From 1923-1947 all rail services were ran by 4 large railway companies.

– Great Western Railway
– London, Midland and Scottish Railway
– London and North Eastern Railway
– Southern Railway

Because of the competition I expect services were ran well, correct? I want to know if the British Redditors think this model should return

14 comments
  1. Rather have it ran by one publicly owned company. Each city can run their own inner city trains/trams etc so to speak.

  2. What competition? They ran services in different parts of the country. They were not competing with each other except on a tiny number of routes where two companies could reach the same place e.g. LMS and LNER to Scotland.

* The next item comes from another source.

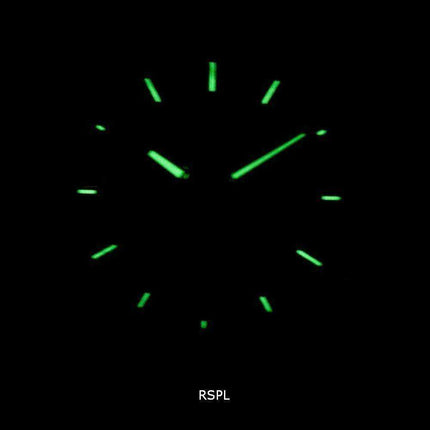 Seiko Quartz Chronograph Tachymeter 100M SSB213 SSB213P1 SSB213P Men's Watch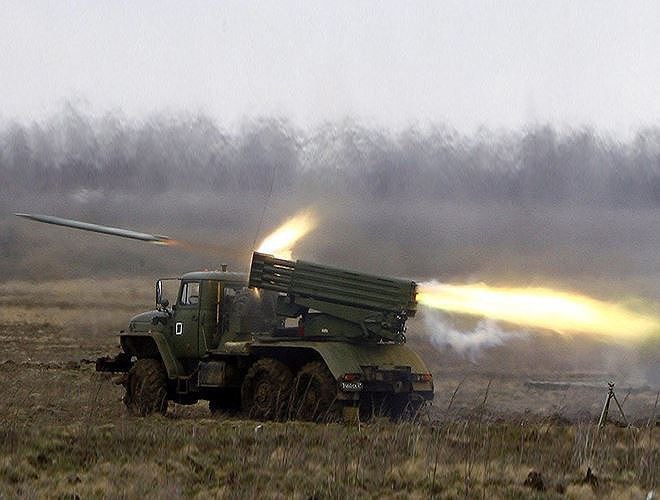 Tiếng rít của rocket BM-21 khiến phiến quân Syria bạt vía kinh hoàng bỏ chạy - Ảnh 18.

    British rialways have ALWAYS been in a dire state because they started in a big higgledy piggledy way. We were first- we had no role models.

    The Big 4 came into being because WW1 destroyed the economic viability of all the little companies and the Big 4 were abolished because WW2 bankrupted them.

  3. No. All railways and railway infrastructure should be owned and operated by one nationalised company. Competition is all well and good but railways are natural monopolies and having several companies develop the same technologies in parallel is wasteful.

  4. There wasn’t really any competition.

    If you lived in London and wanted to visit your gran in Newcastle, you wouldn’t go to Brighton instead just because Southern was cheaper than LNER.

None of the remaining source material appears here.